Does anyone forsee any problem with this or am I doing yet another dumb thing?

Abs
02-12-2009, 12:45 PM
On Linux at least, pthread mutexes can be shared between processes. You have to initialize the mutex within a shared memory segment (something you already have), and set the attributes with:



pthread_mutexattr_setpshared(&attr, PTHREAD_PROCESS_SHARED);


As far as I know, you can't currently do this with condition variables, only mutexes.

Interesting, I didn't know you could set a mutex to span multiple processes... I always thought the pthread library was more specific to the threads located in a single process. But I guess now that I think about the use of sem_init etc... and that it can span processes while being included in the pthread library it makes sense. Thanks

brewbuck
02-12-2009, 01:12 PM
Interesting, I didn't know you could set a mutex to span multiple processes... I always thought the pthread library was more specific to the threads located in a single process. But I guess now that I think about the use of sem_init etc... and that it can span processes while being included in the pthread library it makes sense. Thanks

Well, consider what a pthread_mutex actually is. It looks kind of like this:



struct pthread_mutex_t
{
volatile sig_atomic_t spinlock;
int lock_count;
int wait_count;
wait_queue_head *waiting_threads;
};


When a thread or process attempts to lock the mutex, it first gains the spinlock. Then it checks the lock count -- if the lock is unlocked, it increments the count, then unlocks the spinlock. On the other hand, if the lock was locked, the process puts itself on the wait queue, increments the wait count, then unlocks the spinlock while simultaneously sleeping. On Linux, that last step is achieved with a futex.

When the process holding the mutex unlocks it, it first locks the spin lock, then decrements the lock_count. If the lock_count becomes zero, it checks the wait count (while still holding the spinlock). If it's greater than zero, it dequeues all the processes on the wait queue and wakes them up, sets the wait_count to zero, decrements the lock_count, then unlocks the spinlock.

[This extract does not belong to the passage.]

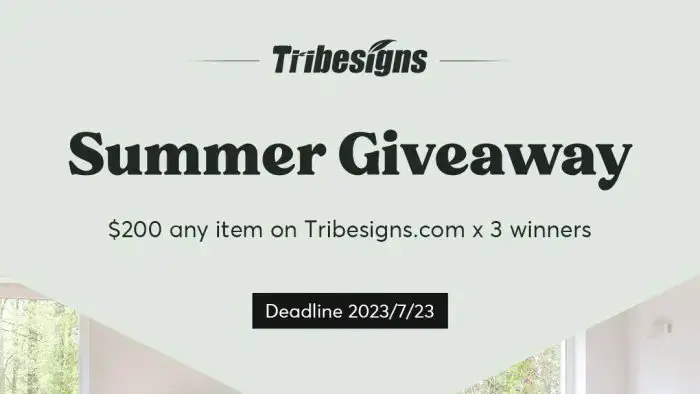  Tribesigns is running a special Summer Giveaway! Three winners will get to choose any item from the Tribesigns's website valued up to $200! 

Being able to do this across processes depends on having a method of placing other processes on the wait queue, and telling them to wake up. On Linux, this is done with futexes. Not all implementations of pthreads support inter-process mutexes, but Linux does.

Codeplug
02-12-2009, 01:50 PM
>> Does anyone forsee any problem with this...
Not sure what "this" is at this point :)

You can continue to use signals, just replace the signal handler with "g_time_to_die = 1". Then the controlling loop in dispatcher() would be "while (!g_time_to_die)", or something like that.

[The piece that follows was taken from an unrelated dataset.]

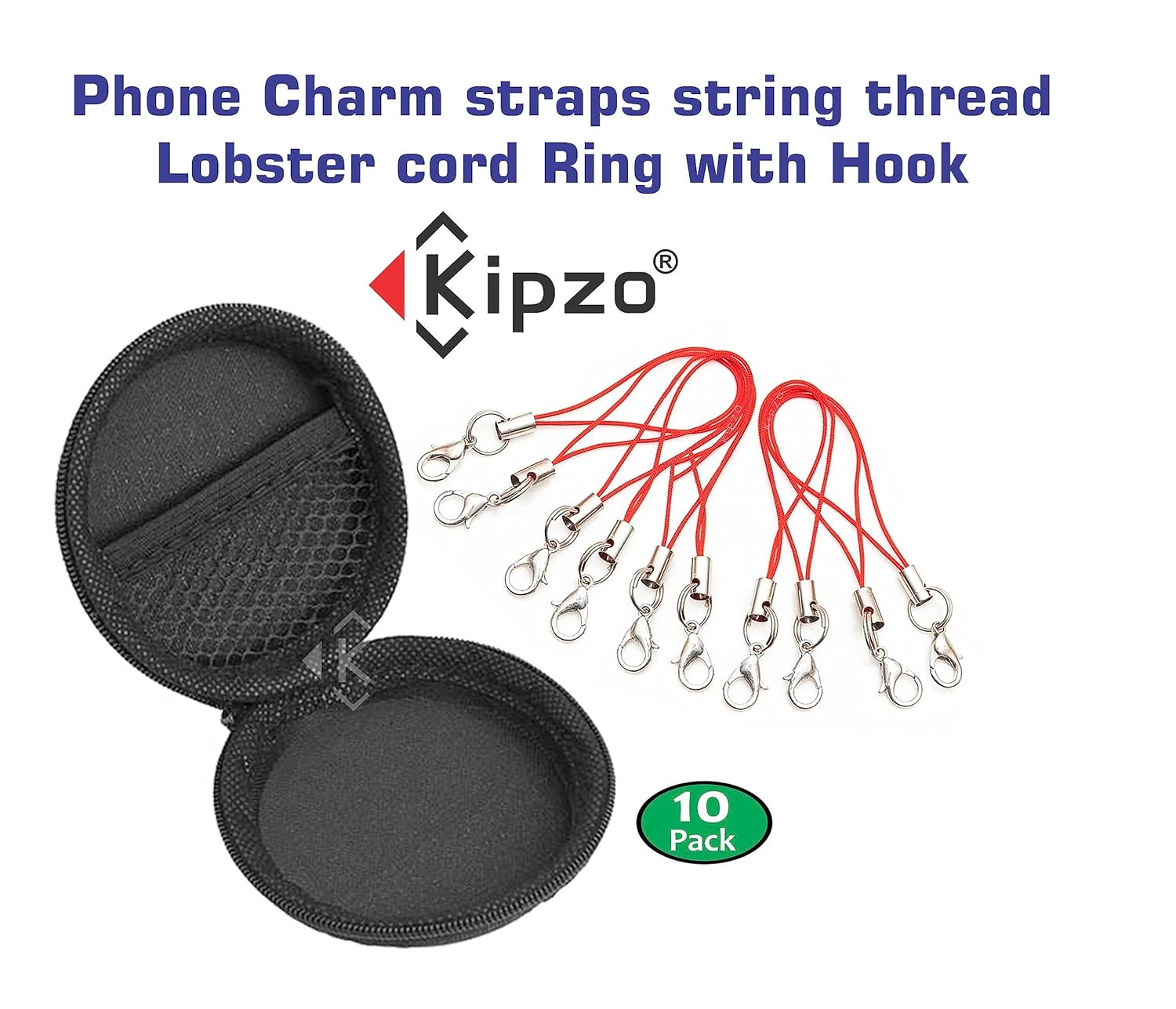 KIPZO® Red Pack of 10 pcs Phone Strap Charm lobster clasp for cell phone Cover keyring Pendrive Badge Holders Charm DIY Jewellery straps thread Ring with Hook smart round zip carry case pouch - Image 3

If you just call _exit() in your signal handler, that's not a "clean" way to die (no atexit handlers are called, resources aren't manually released, etc...). A clean termination would be ideal.

gg

Abs
02-12-2009, 06:43 PM
yeah...sorry about the vagueness of "this". I was referring to just having the signal handler make the child call _exit when it recieves the signal and then resetting the shared counter back to 0.

I know it would be better if they exited normally, but my dispatcher isn't in a loop. Each request that comes in is it's own process and then exits... So the dispatcher right now just takes the request (as the child) determines what kind of request it is, calls the correct function to handle the request and thats about it. So short of checking g_time_to_die between various points of all the functions after my dispatcher is called I'm not seeing another way to truly interrupt and cleanly have the childred cleanly exit.

I was also unaware of the atexit function (thanks, that will come in useful later on), and so am not calling any other functions on normal exit. I did notice that _exit closes open file descriptors etc.. which should be enough for what the children are doing.

As of now I've been able to successfully load the crap out my hobbled together code and no crashes/problems at all (knock on wood). I may still use a semaphore to wait for the max processes to back down so there is an open slot, and if it waits too long then send the kill with the assumption that all of the currently running children are hosed. But thats for later.

Thank you both for all of the great information and insight into what was happening. I don't think I ever would have thought it was problem with my signal handler. Thanks again.